**Aim of the exercise**
Everything in the listing that follows should be reproduced exactly except the pictures.

**Given data**
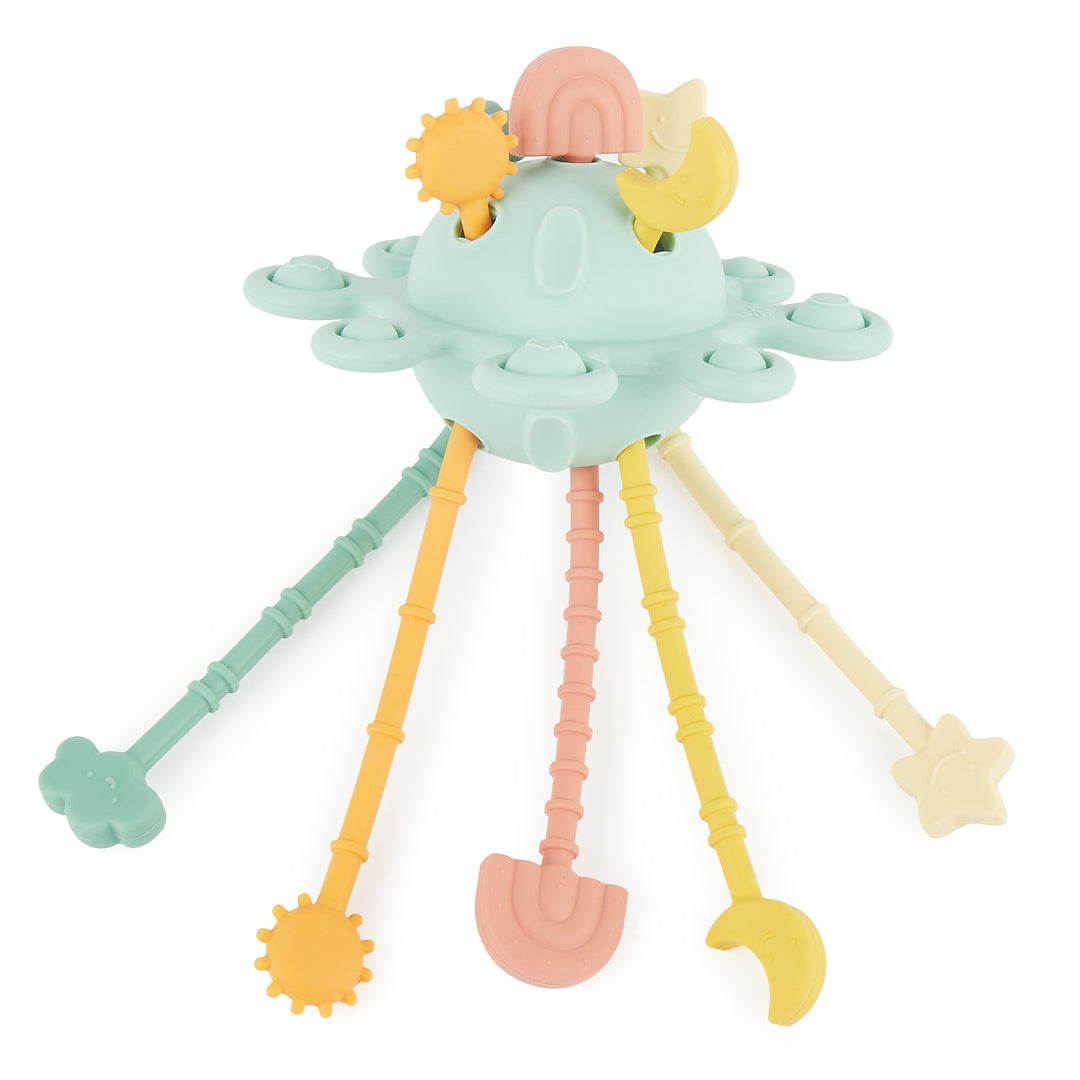 Silikon Montessori Aktivitätsspielzeug Planet - Eucalyptus | bieco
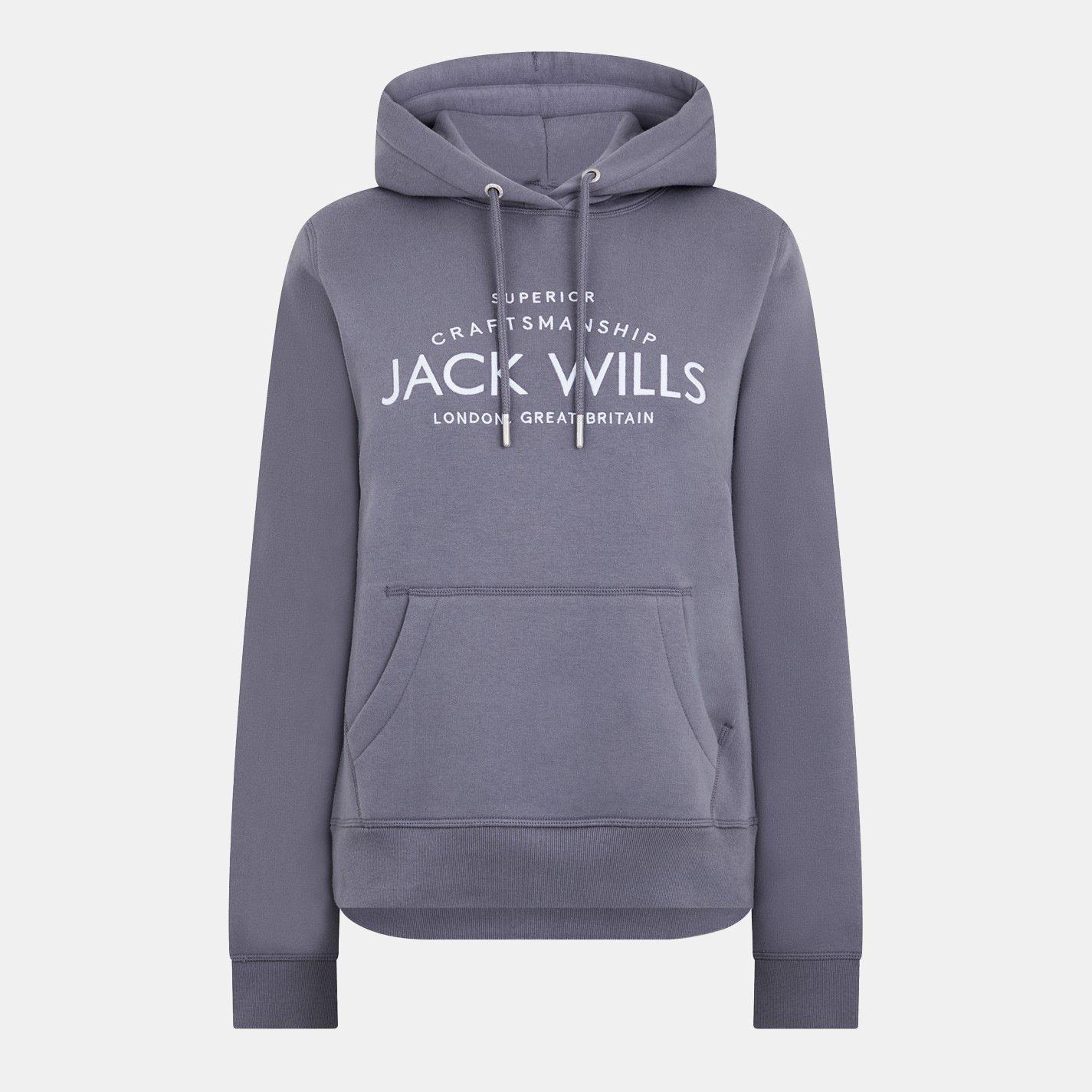 Sweat à capuche Jack Wills Pinebrook bleue zippée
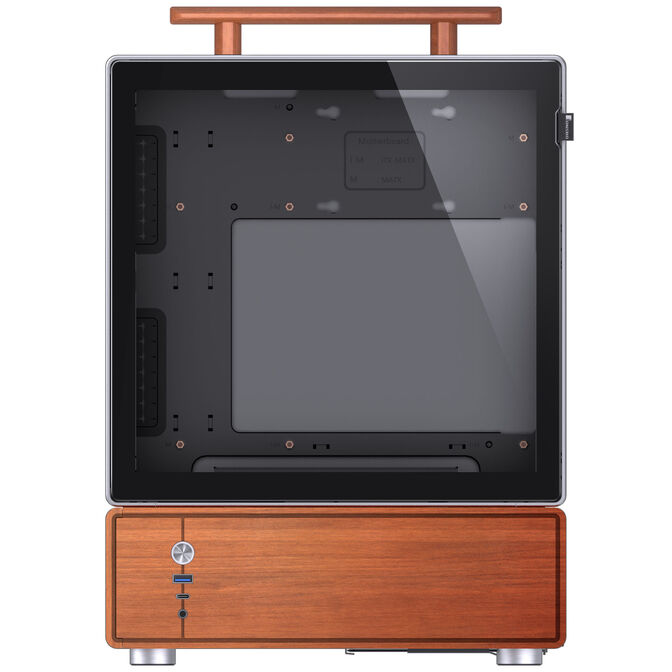 Jonsbo T7 PC-Geh&auml;use, Midi-Tower, mATX, Tempered Glass - silber image number 7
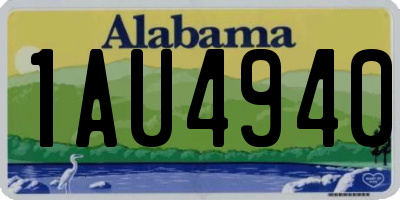 AL license plate 1AU4940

**Result**
 Silikon Montessori Aktivitätsspielzeug Planet - Eucalyptus | bieco
 Sweat à capuche Jack Wills Pinebrook bleue zippée
 Jonsbo T7 PC-Geh&auml;use, Midi-Tower, mATX, Tempered Glass - silber image number 7
 AL license plate 1AU4940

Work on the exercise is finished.